We are the adults in the room. It is incumbent upon us to change the direction we are headed in. I have faith we can do just that.
For the sake of our children, our neighbors, and ourselves, take the time to talk to your kids about differences. Talk about how you’re different from your neighbors and how it would hurt you if they judged you or thought less of you because of those differences. Tell them they don’t have to agree with the differences. They don’t have to like the differences, but they do have to respect them. Because if you don’t have these conversations with your children, you may not like what they learn elsewhere.
Kindness costs us nothing and yet is priceless. To every member of this community, I ask, be kind. Teach kindness and be the change our community needs.
The board voted 3-2 to accept a three-year contract for the town manager. The new contract will give the town manager a one-time $7,500 salary increase to bring his salary closer to the average of other town managers in the area. It also includes a three percent increase annually, subject to available funds. When asked about other town employees, Town Manager Robert LeLacheur told the board that as a group, the non-union employees of the town have salaries that are comparable to local averages. LeLacheur would not comment about union employees.

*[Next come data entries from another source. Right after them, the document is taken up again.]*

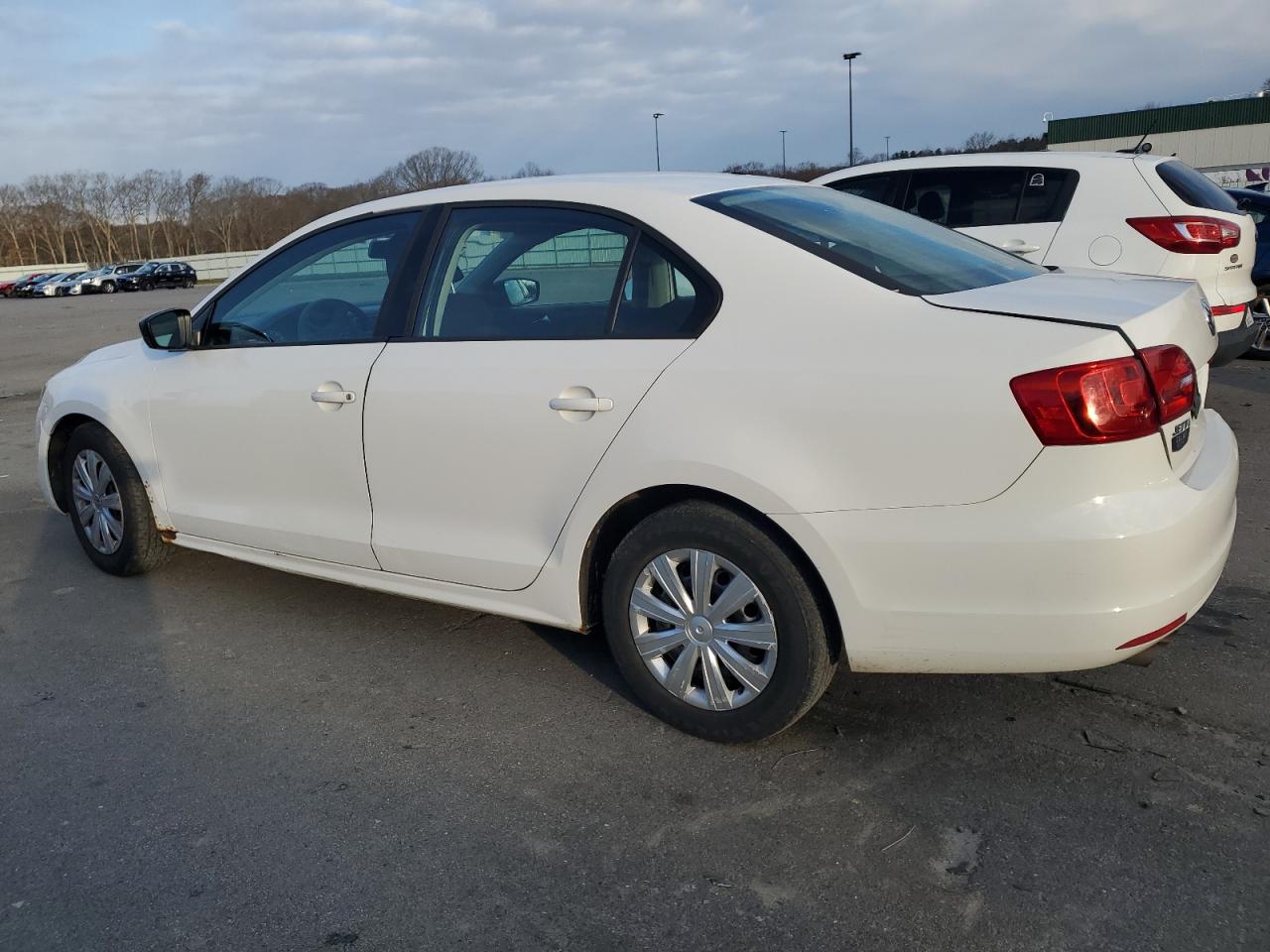 Image 2 of 2012 VOLKSWAGEN JETTA BASE 2012 with VIN 3VW1K7AJXCM318091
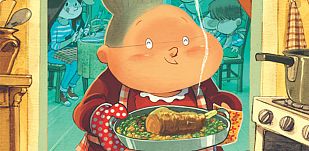 Fragmento de la portada de 'La cocina de Naneta' Fragmento de la portada de 'La cocina de Naneta'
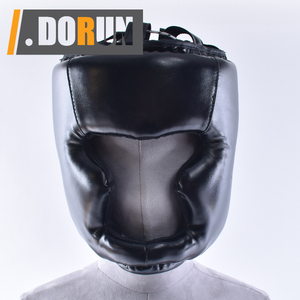 MMA casque <span class=keywords><strong>de</strong></span> combat noir L/XL boxe MMA entraînement coup <span class=keywords><strong>de</strong></span> pied casque <span class=keywords><strong>de</strong></span> boxe Sparring karaté Taekwondo - Product Image 2
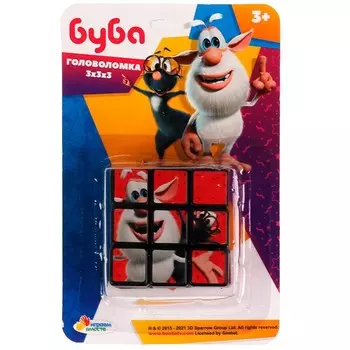 Кубик БУБА, ИГРАЕМ ВМЕСТЕ * ZY896242-R4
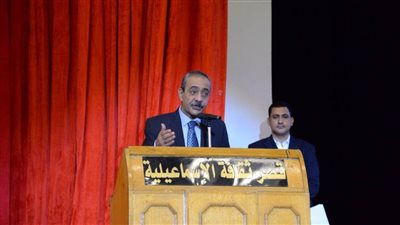 تدشين المؤتمر الموسع لمشروع تأهيل المساقي والتحول للري الحديث بالإسماعيلية  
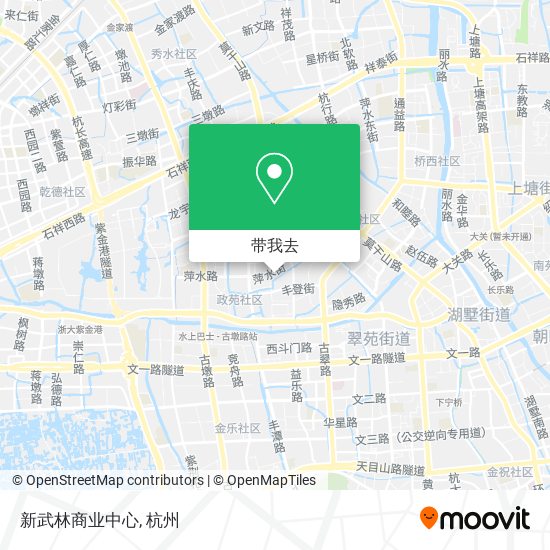 新武林商业中心地图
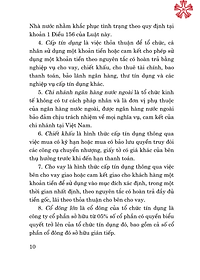 Luật các tổ chức tín dụng (bản in 2024)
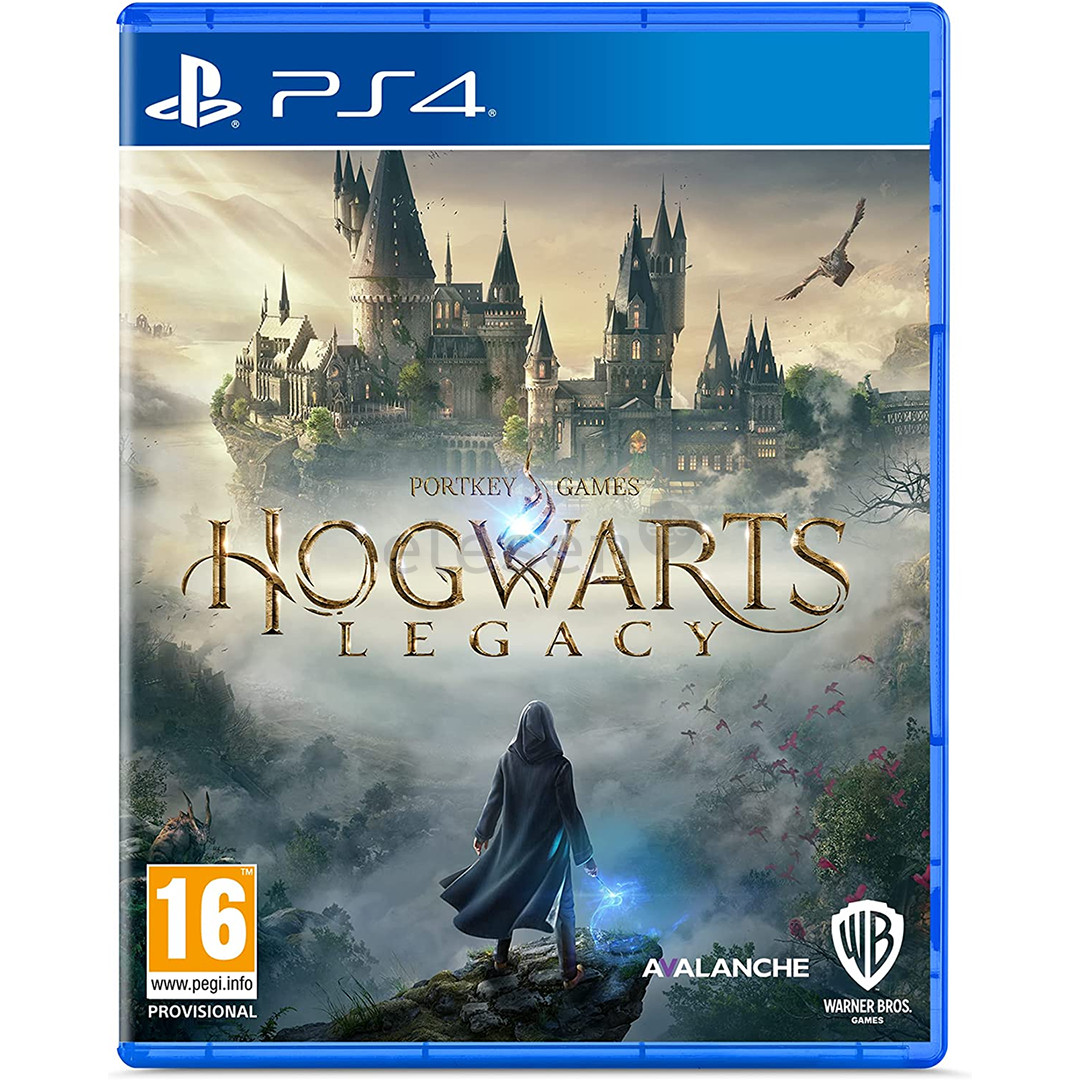 Hogwarts Legacy, PlayStation 4 - Game Item - 5051895415528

The negotiating sub-committee, consisting of Barry Berman and Ensminger, investigated the market for town managers and found that it is a tight market, with several communities recently renegotiating mid-way through contracts for the purpose of retaining their town managers. They also reported that three-year contracts were standard for this type of position. “If you have the right guy, you need to keep him.” Berman declared. Ensminger also pointed out that the board needed to consider the amount of money the town had saved over the years thanks to the town manager’s efforts, especially when negotiating health insurance.
Alvarado and chair Andrew Friedmann voted against the contract citing concerns about the salary bump and the term of the contract. Alvarado wondered how taxpayers who had just approved an override would feel about the town manager receiving close to a six percent raise. “This feels premature,” she stated. Alvarado moved to table the vote until she and Friedmann had a chance to review the information provided by the sub-committee, but the motion did not pass. The contract begins on August 1, 2019.
The board voted 5-0 to approve a ten-year renewal of the cable television contract with Comcast. New provisions include a redefinition of gross revenue, a cable drop at the Matera Cabin, and $200,000 in capital for Reading Community Television (RCTV) in addition to the five percent of cable television revenues already allotted to the cable access corporation. There are also side-letter agreements regarding high definition cablecast of RCTV programming and inclusion of RCTV in the channel guide. All RCTV programming, including government meetings, have been recorded in high definition for several years. There are also provisions in the contract allowing for senior citizen discounts and low-cost broadband access for lower income families.
The board voted 5-0 to accept a gift from the Reading Little League Softball for improvements to Sturges Park. The acceptance is conditional on acceptance by the Recreation Committee. It voted 5-0 to allow three different new curb cuts for residences seeking second driveways. The board chose not to vote an opinion on ballot question one, which would require a specific nurse to patient ratios in Massachusetts hospitals.
The Select Board adjourned at 11:00 pm.